• _Exercise_:
From the line with "Where I've Been" to the line with "to Amsterdam (AMS)", output every line below exactly, both ends included. Skip the pictures.

• _Provided information_:
▬▬▬

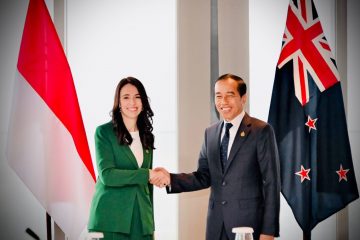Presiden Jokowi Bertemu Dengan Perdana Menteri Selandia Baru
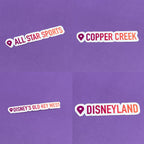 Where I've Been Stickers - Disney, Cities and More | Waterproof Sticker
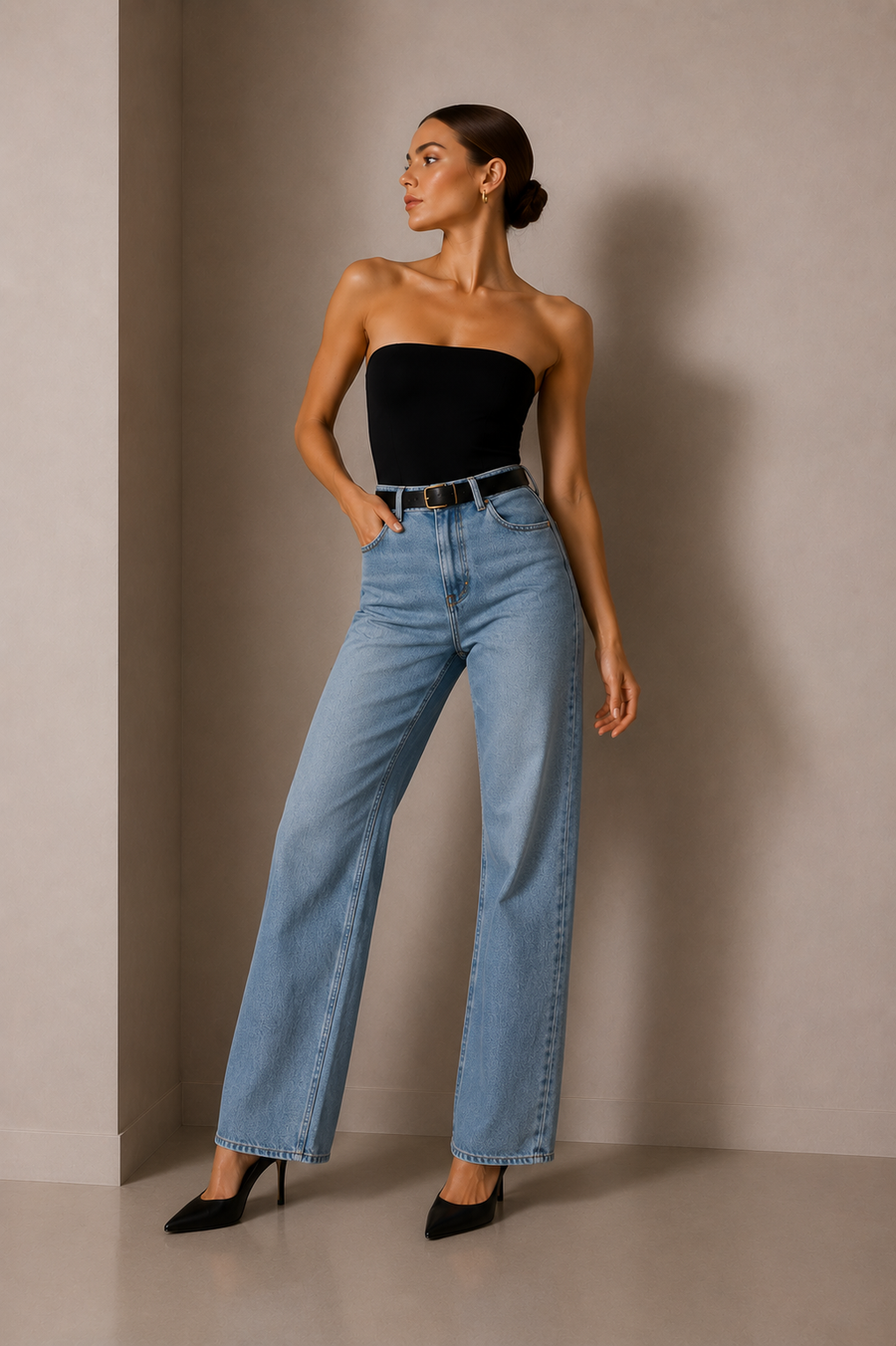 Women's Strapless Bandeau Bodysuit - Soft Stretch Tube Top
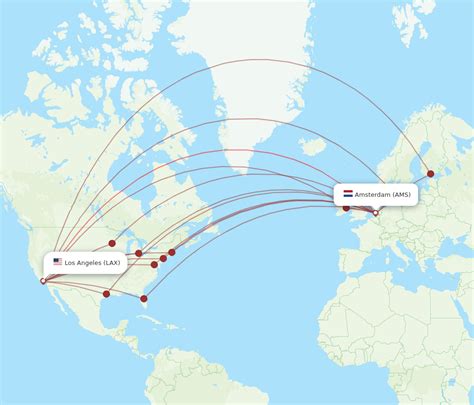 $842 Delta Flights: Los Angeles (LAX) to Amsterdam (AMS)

▬▬▬

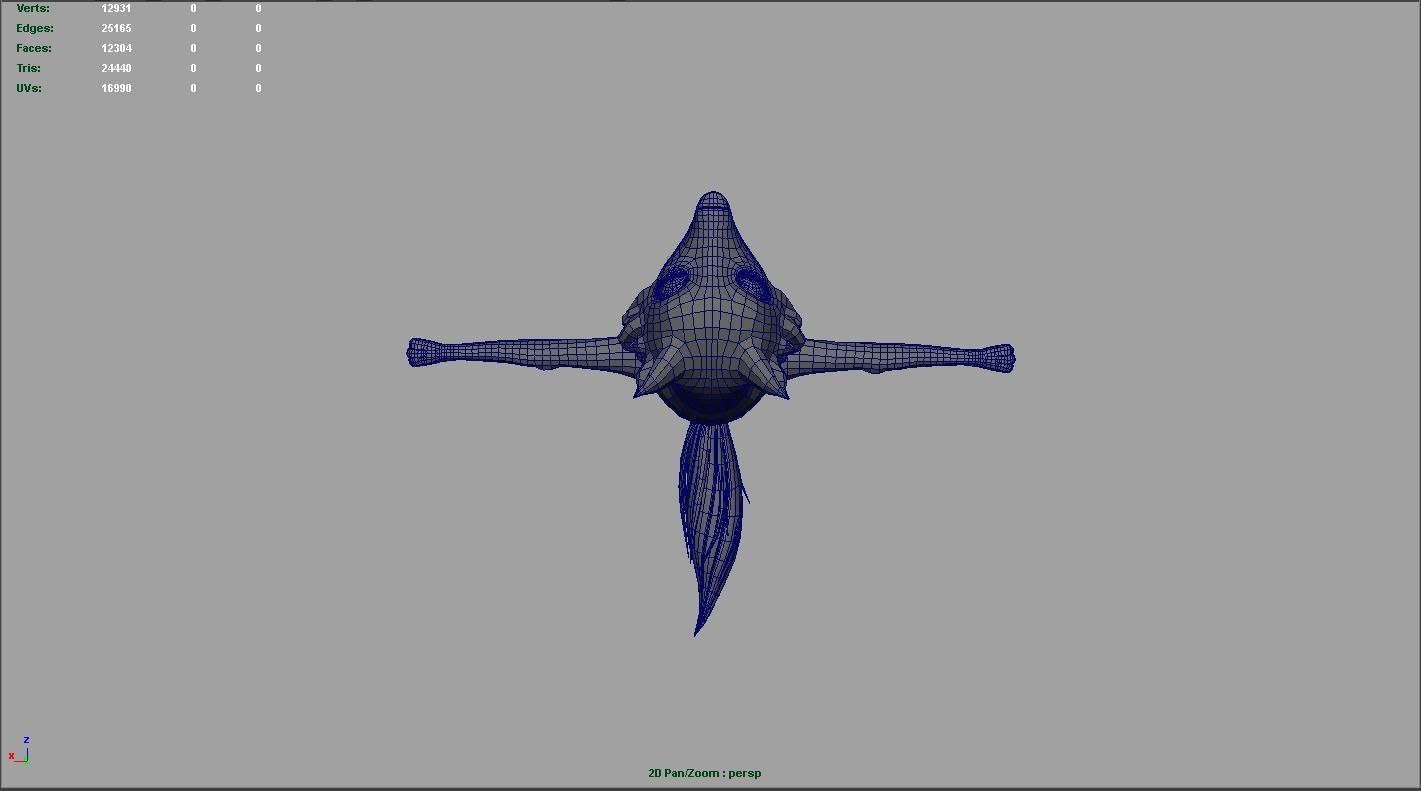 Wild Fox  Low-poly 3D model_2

▬▬▬

• _Final answer_:
 Where I've Been Stickers - Disney, Cities and More | Waterproof Sticker
 Women's Strapless Bandeau Bodysuit - Soft Stretch Tube Top
 $842 Delta Flights: Los Angeles (LAX) to Amsterdam (AMS)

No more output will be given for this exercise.